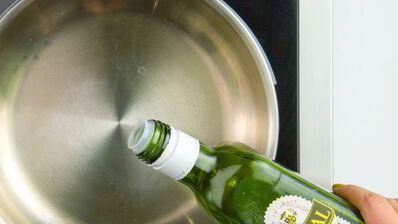 оладьи с голубикой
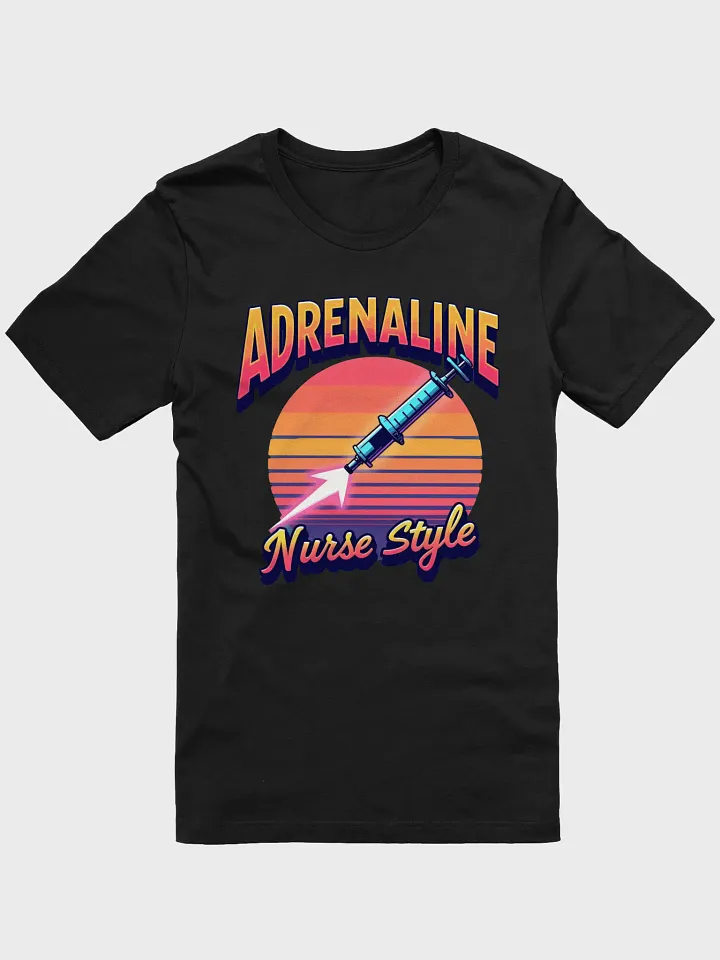 Adrenaline Nurse Style Retro T-Shirt product image (1)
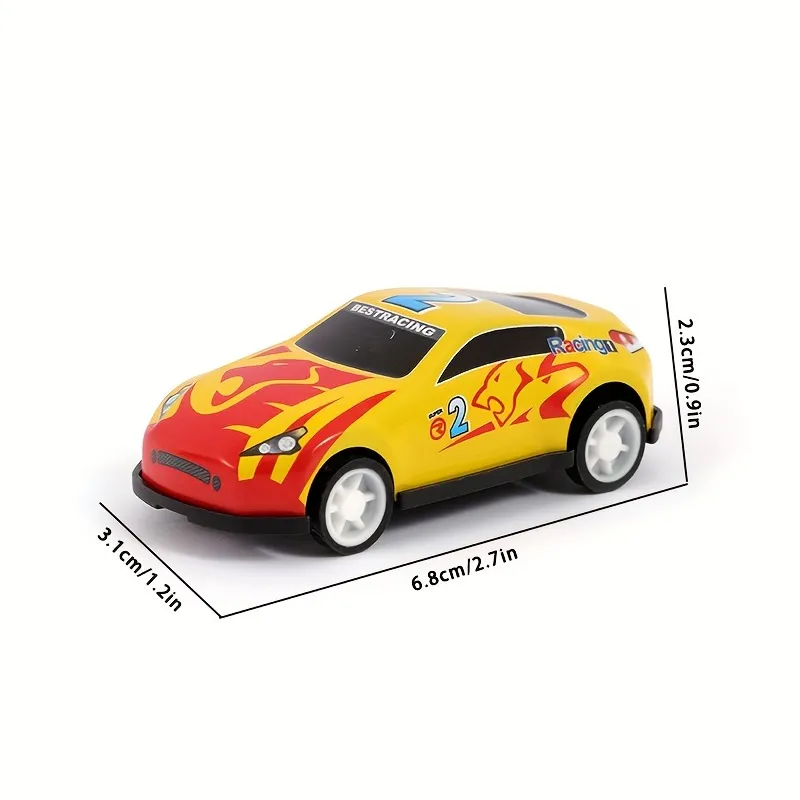 24 Pcs - Pullback Racing Car Alloy Tin Metal Body Toy Set - Playing and enjoy Racing On Track Fun - Colorful Model DieCast Vehicle Cars Toys For Children Kids Boys Girls Baby Die Cast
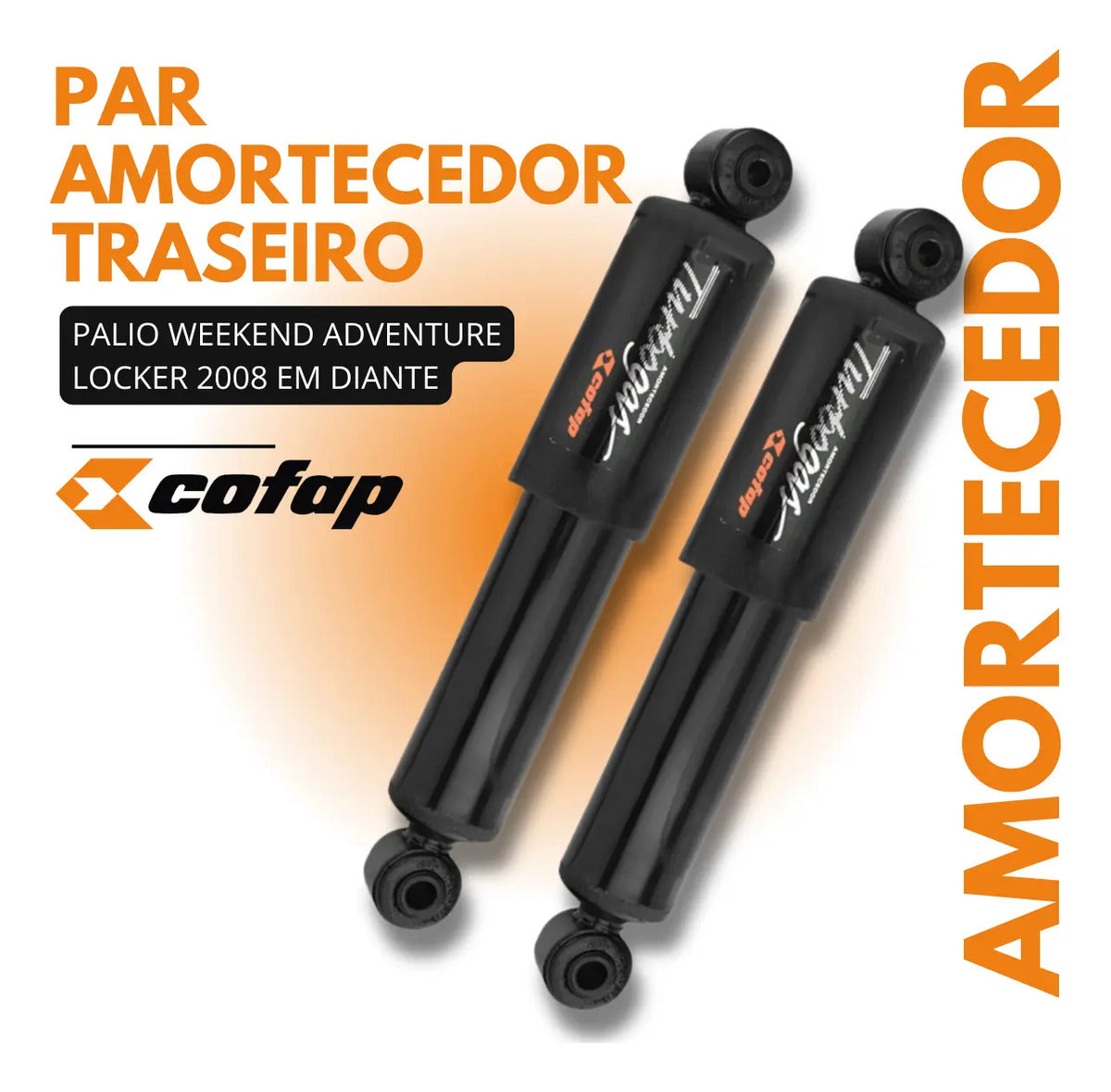 Par Amortecedor Traseiro Palio Weekend Locker Advent. Cofap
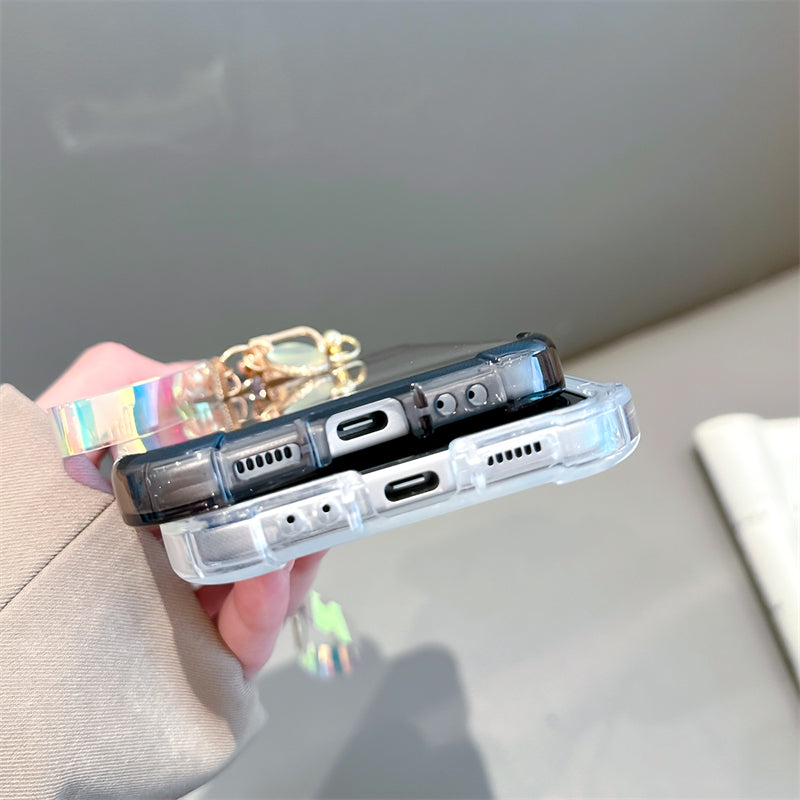 Samsung Foldable Transparent Bowknot Phone Case For Samsung Zflip3 Zflip4 W23 Flip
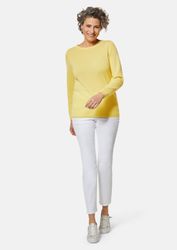 GOLDNER Strickpullover Kurzgröße: Kaschmirpullover mit U-Boot günstig online kaufen
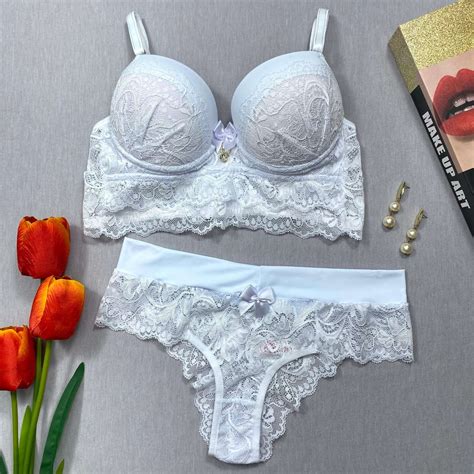 Conjunto De Lingerie Chanel Branco Dolce Pecado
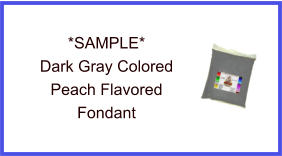 Dark Gray Peach Fondant Sample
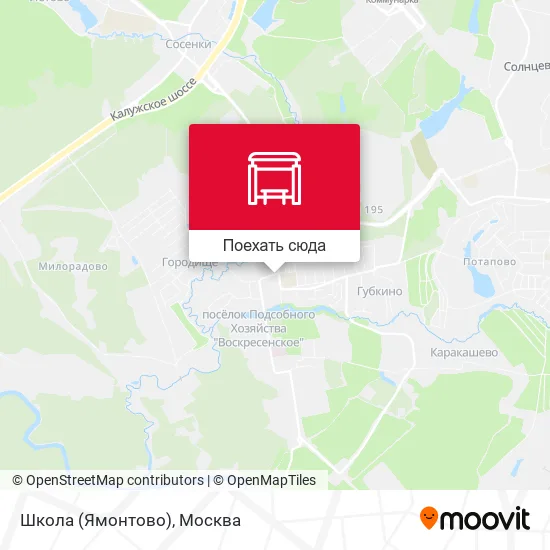 Карта Школа (Ямонтово)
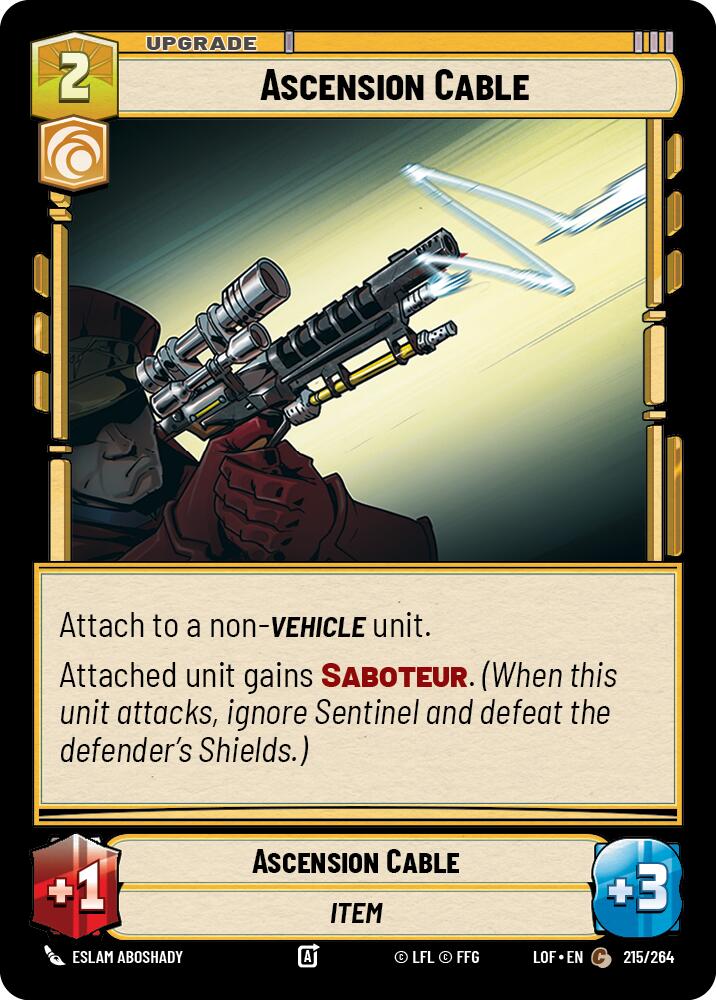 Ascension Cable (215/264) (215/264) [Legends of the Force] | Cards and Coasters CA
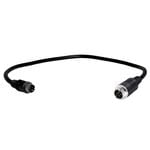 S-Video Male 4-Pin Mini DIN to Universal 4PIN Male Converter Adaptor Cable for Reverse Camera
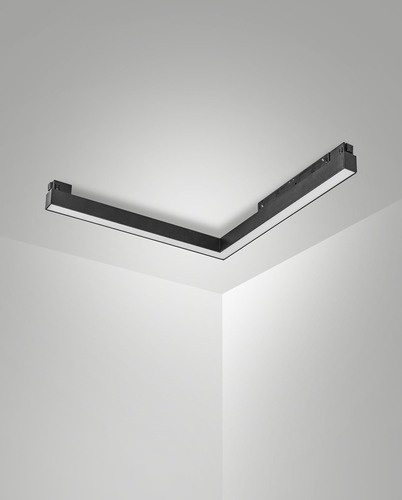 Lištové 1 fáze Ermes 48V - FABAS 6525-43-163 Lineární LED modul Ermes rohový 2236lm 2700K On/Off černá - FABAS - foto 1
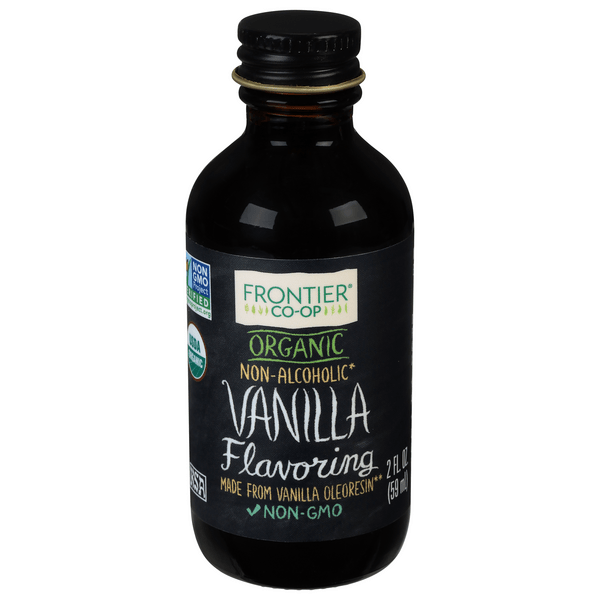 Save on Frontier CoOp Vanilla Flavoring Organic NonAlcoholic Order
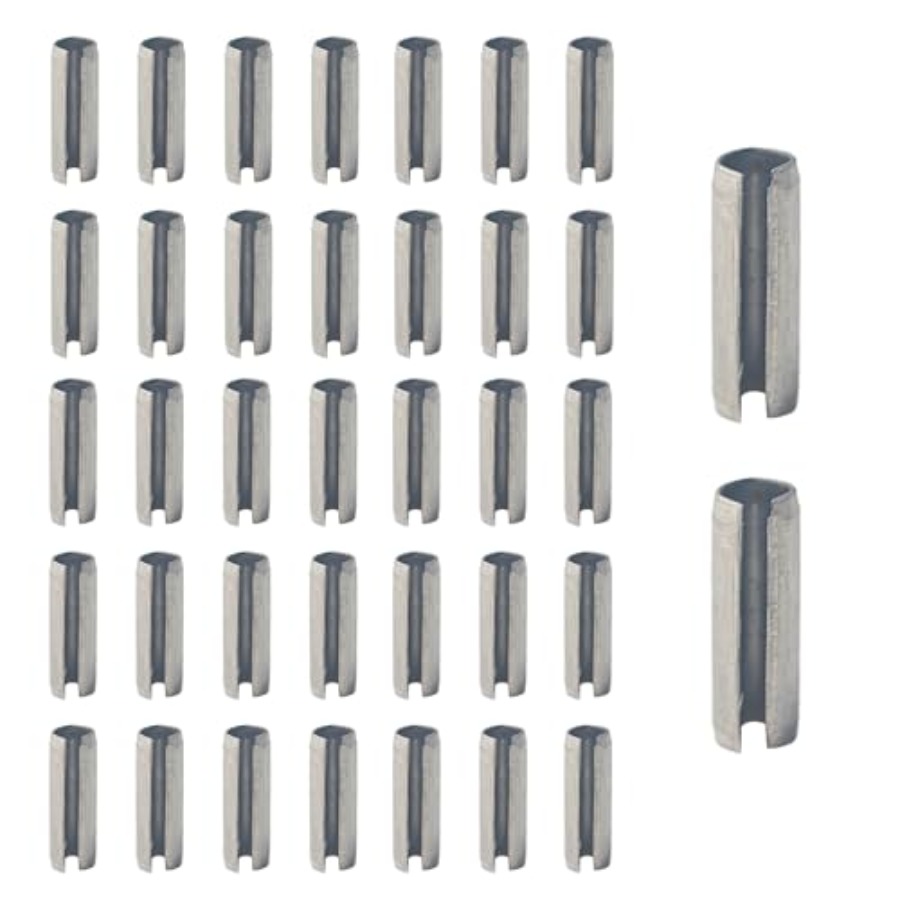 Woodworking Finishing - 100Pcs Slotted Spring Pins, 304 Stainless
++++++
GOAL OF THE EXERCISE:
Leave out every picture, and write out exactly the lines from the one with "Adrenaline Nurse Style" through the end of the records above, both ends included.

COMPLETED TASK:
 Adrenaline Nurse Style Retro T-Shirt product image (1)
 24 Pcs - Pullback Racing Car Alloy Tin Metal Body Toy Set - Playing and enjoy Racing On Track Fun - Colorful Model DieCast Vehicle Cars Toys For Children Kids Boys Girls Baby Die Cast
 Par Amortecedor Traseiro Palio Weekend Locker Advent. Cofap
 Samsung Foldable Transparent Bowknot Phone Case For Samsung Zflip3 Zflip4 W23 Flip
 GOLDNER Strickpullover Kurzgröße: Kaschmirpullover mit U-Boot günstig online kaufen
 Conjunto De Lingerie Chanel Branco Dolce Pecado
 Dark Gray Peach Fondant Sample
 Карта Школа (Ямонтово)
 Ascension Cable (215/264) (215/264) [Legends of the Force] | Cards and Coasters CA
 S-Video Male 4-Pin Mini DIN to Universal 4PIN Male Converter Adaptor Cable for Reverse Camera
 Lištové 1 fáze Ermes 48V - FABAS 6525-43-163 Lineární LED modul Ermes rohový 2236lm 2700K On/Off černá - FABAS - foto 1
 Save on Frontier CoOp Vanilla Flavoring Organic NonAlcoholic Order
 Woodworking Finishing - 100Pcs Slotted Spring Pins, 304 Stainless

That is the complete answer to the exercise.